ブルボン家の落日--ヴェルサイユの憂愁
2008年 11月 15日
熱帯雨林のこの本に関するページを参照したら、ひとつもレビューが無くてびっくり。そこそこ面白いので、そんなに無視されなくてもいい本だと思います。とか言って自分だってたまたま古本屋で見つけるまで知らなかったのですけれど。人文書院という出版社も知らなかった。
書名からして、てっきりフランス革命で王朝が倒されるまでの話かと思ったら、アンリ4世、ルイ13世、そしてルイ14世の長ーい人生を語っておしまいでした。
フランスの王様の話は、フランス人の手になるちゃらけた歴史のシリーズを読むぐらいなのですが、あれとは違ってこちらはきわめてお上品な語り口。というか、これが普通なんですけれど。
アンリ4世が開いたブルボン朝隆盛の立役者がリシュリューとマザランだということは高校のときに習ったけれど、2代続けて優秀な側近に恵まれたのはすごい。もちろん、フランス絶対王政が確立したのは、彼らだけの力ではなくて、いろいろ他の要素がからまっているのだろうけれど。
ルイ13世の妃アンヌ・ドートリッシュ、バッキンガム公に関しては、子供のときに読んだ抄訳の「三銃士」以上の知識は無くて、しかも名前以外はほとんど忘れてしまっているという体たらくだったのですが、この本を読んで歴史的背景を知りました。せっかくなので「三銃士」の完訳を読んでみようかな。
ルイ14世は晩年のでっぷり肥ったイメージしかなかったけれど、若いときはなかなか魅力的だったようで。
それにしても、王様というのはその王朝が上り坂のときは元気なのですが(元気だから上り坂になるのだけれど)、安定してくるとだんだんおかしな王様になっていきます。ひとつには近親婚が重なるせいでしょうね。こっちがデビューしたてのときは、結婚相手のほうは近親婚がすでに重なっているけれど、こっちの血が新しい。でも、こちらもベテランになってくると、どこから見ても血が濃くなりすぎてくる。
そういう意味からも、生きのいい王様はルイ14世が最後だったんだろうなと思いました。
西洋史関連の本を読んでいると、固有名詞をどの言語で表記するかが問題になってくるのですが、この本はもちろんフランス語読みが中心。

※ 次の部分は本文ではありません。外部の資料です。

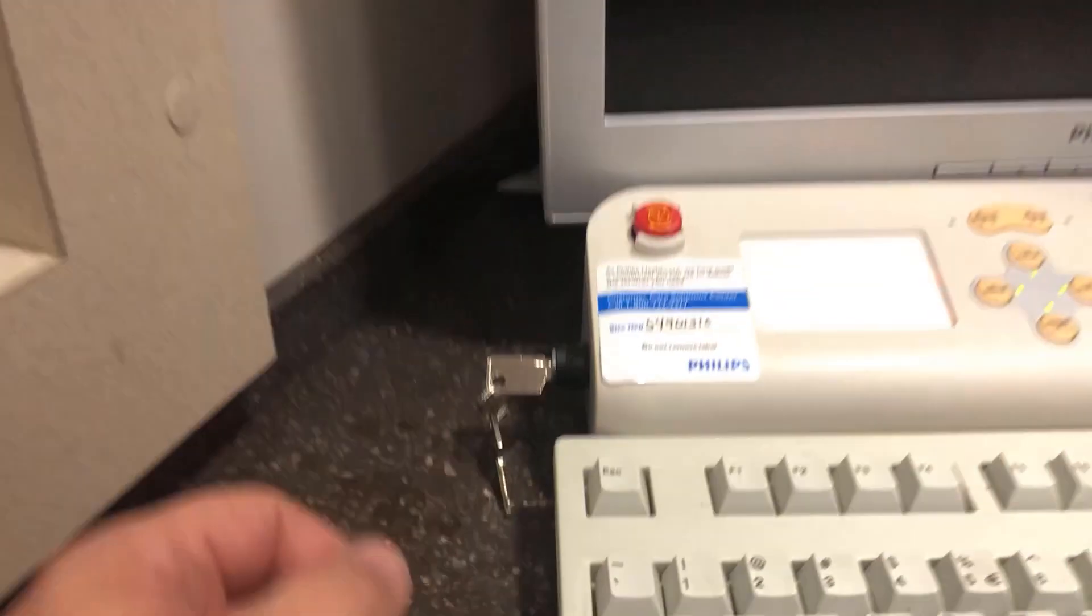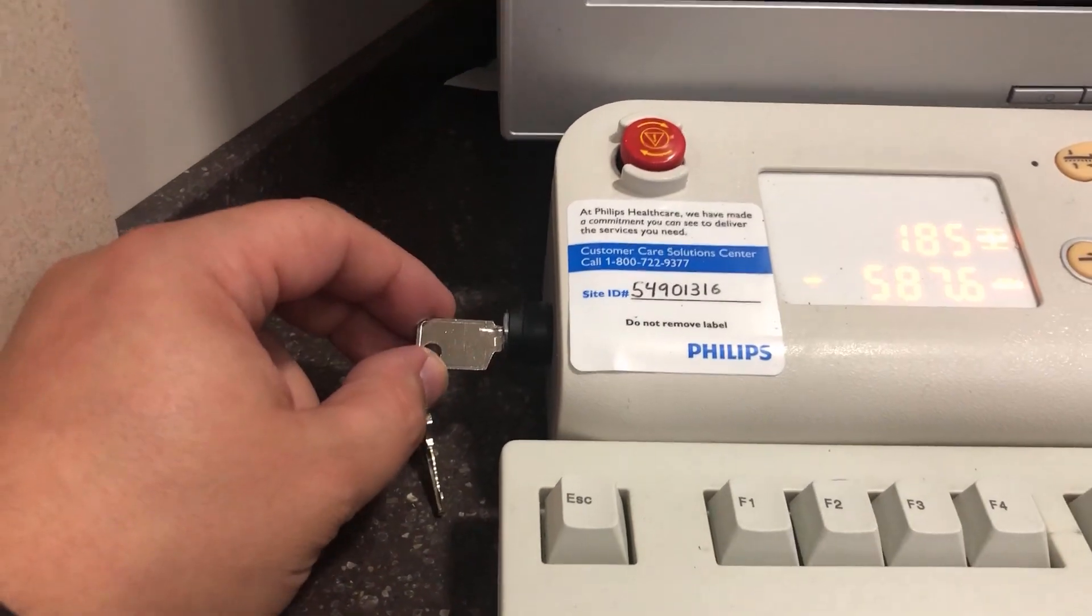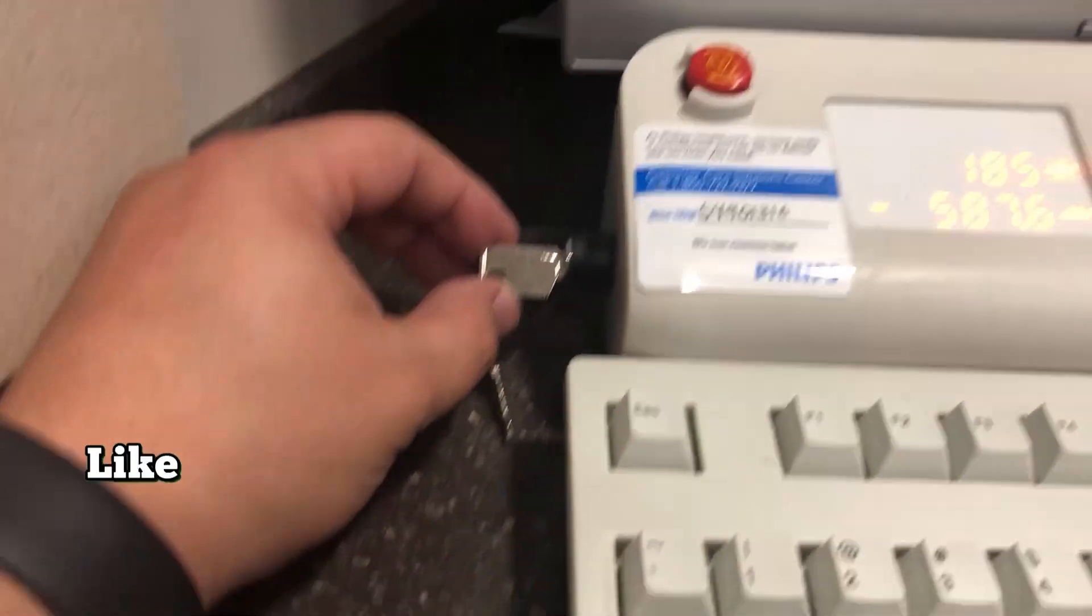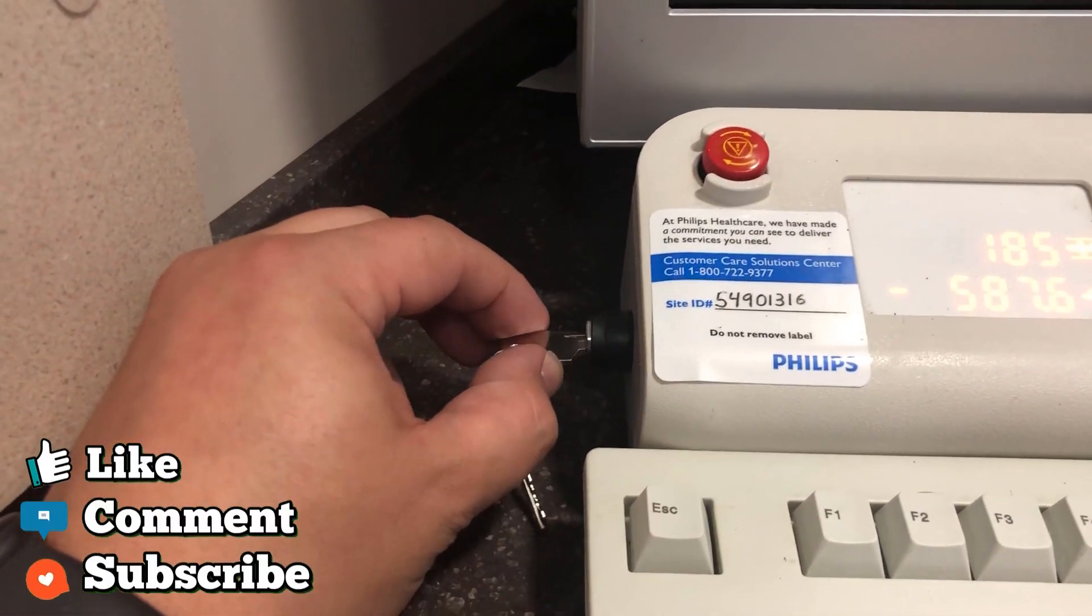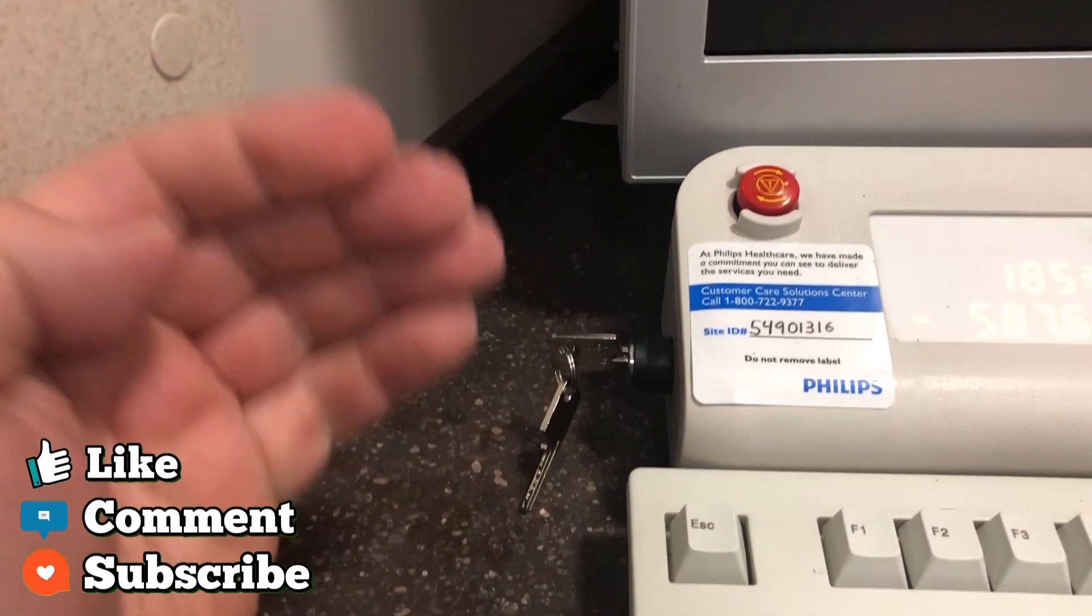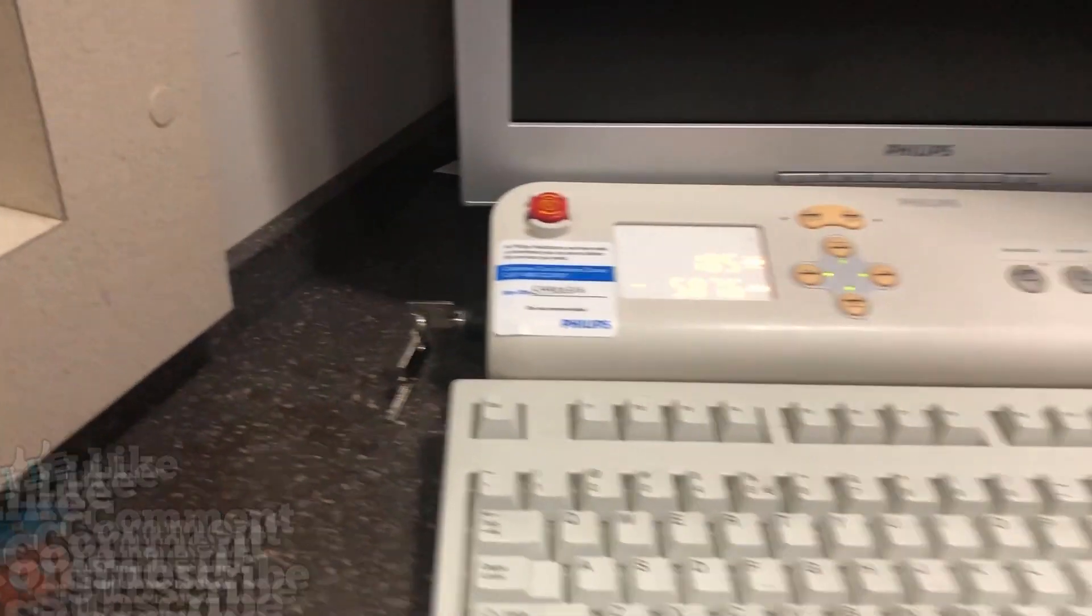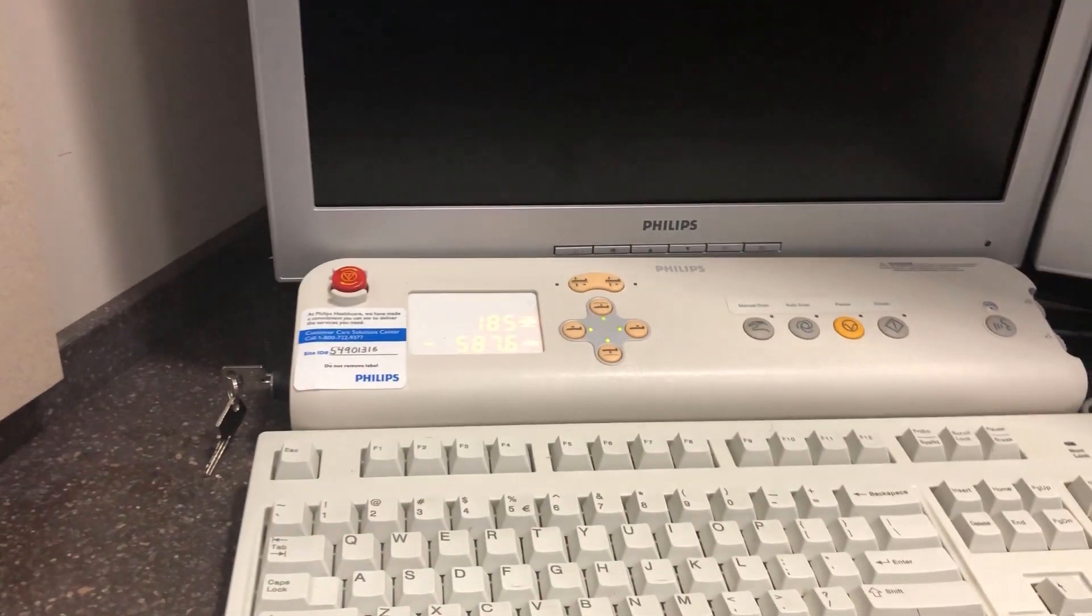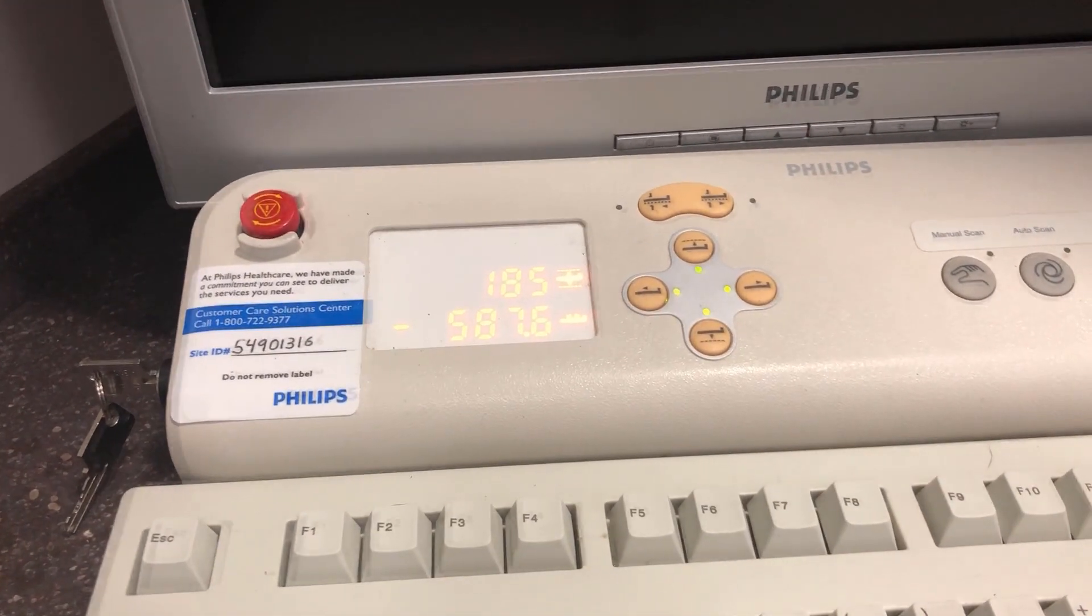We're going to come over here, this is the gantry switch, we're going to turn it to the off position, straight up and down. I'm going to let the gantry power off.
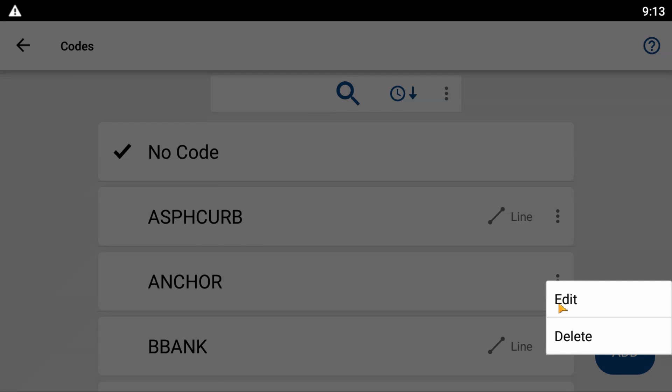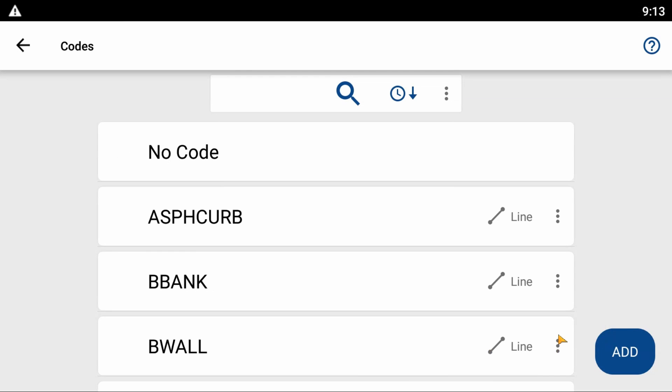If I click on those three dots, it's going to bring up a menu that says Edit or Delete. I'm going to select Delete, and that is going to remove the code from my library — it is no longer available.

「シャルル・カン」とか書かれていますが、巻末にきちんとした人名索引があって「スペイン王としてはカルロス1世、神聖ローマ皇帝としてはカール5世」と解説されているところが良心的です。
あと、ハプスブルク家から嫁に入った王妃は、フランスでは「○○・ドートリッシュ」(英語に訳せば「○○オブ・オーストリア」)となるのだということに、今さらながらに気付きました。スペインで生まれ育っていても「○○・デスパーニュ」(○○オブ・スペイン)とはならない。そのあたりに、フランス人が「スペインなんか国のうちに入らない」と思っていたことが表れているのかなと思いました。
(だからナポレオンもスペインなんか属国だと思っていたのかな、ということです。関連するポストはこちら)
by foggykaoru | 2008-11-15 20:24 | 西洋史関連 | Trackback | Comments(4)

ロシアは田舎者扱いで小馬鹿されていましたが…
それにしてもランサムでも(ヤマネコ号の冒険?)、スペイン・イタリアのラテン系の人々に対する蔑称が出てきましたし白人同士でも複雑な扱いの差がありますね

関係ないけど、人文書院の本は、ジョゼフ・コンラッドの作品集を持っています。1983年の刊行直後に買ったみたいです(私がこの作家へ興味をもったのは、明らかにランサムの影響でした)。
Wikipediaを見比べてみると
たとえばルイ14世の妃だったマリー・テレーズは
フランス語だと「マリー・テレーズ・ドートリッシュ」
英語では「マリア・テレサ・オブ・スペイン」
になるんです。
フランスではハプスブルク家の人は必ず「オーストリアの」になるけれど、
イギリスでは「スペインの」と呼ばれることもある。
そのあたりが不思議です。
20世紀になってからのスペインやイタリアに対する蔑視は、たぶん産業革命以降の発展度の差からくるんだろうと思います。